**Work instructions:** Please, from the entries below, transcribe exactly the lines that begin at the line with "Maruti Sneaker DORA" and end at the line with "Vente Maison Vente", without the pictures.

**Material for the task:**
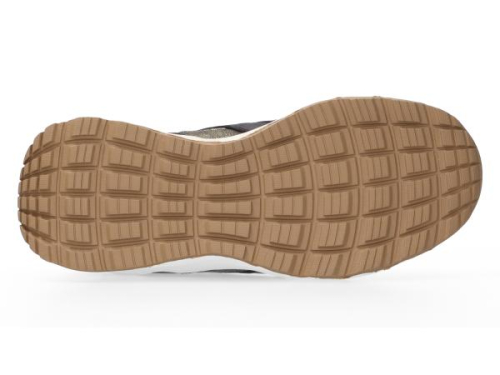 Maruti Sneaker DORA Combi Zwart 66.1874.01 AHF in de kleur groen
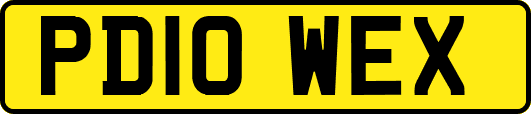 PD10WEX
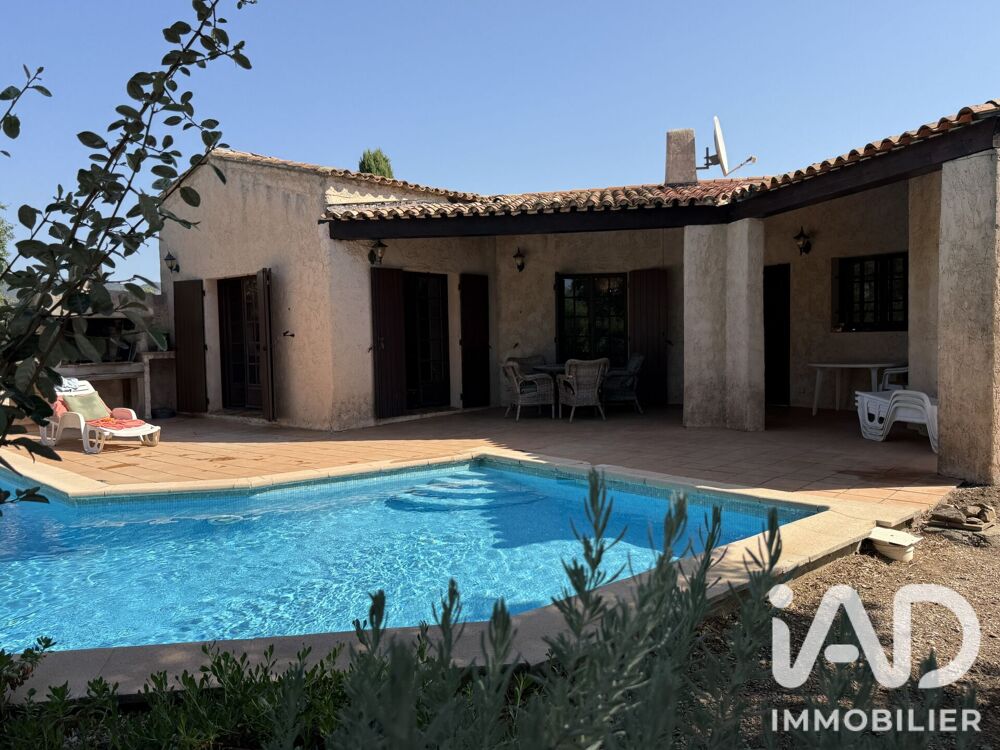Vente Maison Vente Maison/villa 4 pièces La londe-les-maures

...

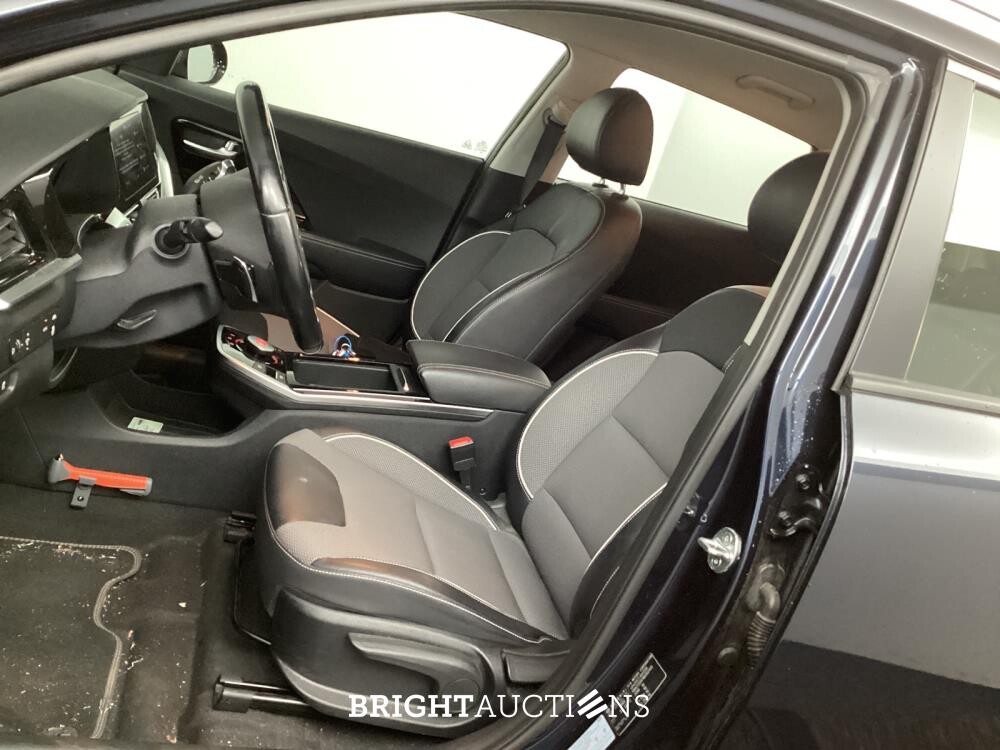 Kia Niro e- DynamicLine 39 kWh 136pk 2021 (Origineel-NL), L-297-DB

* * *

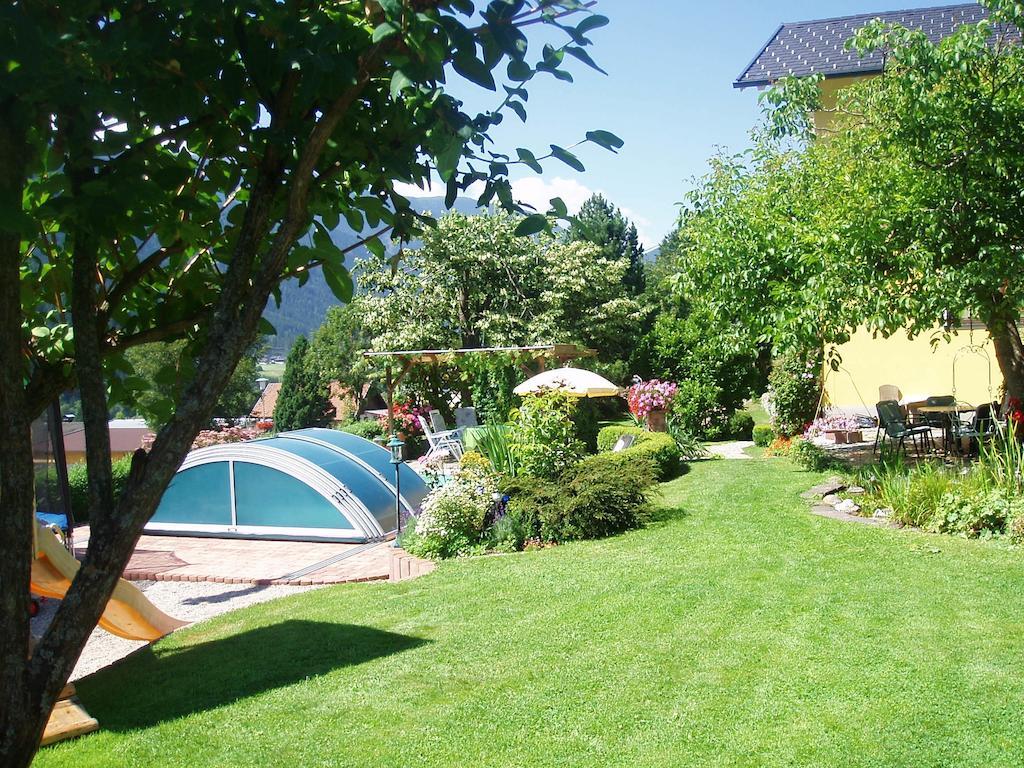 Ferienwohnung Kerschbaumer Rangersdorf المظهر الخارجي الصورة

**Task result:**
 Maruti Sneaker DORA Combi Zwart 66.1874.01 AHF in de kleur groen
 PD10WEX
Vente Maison Vente Maison/villa 4 pièces La londe-les-maures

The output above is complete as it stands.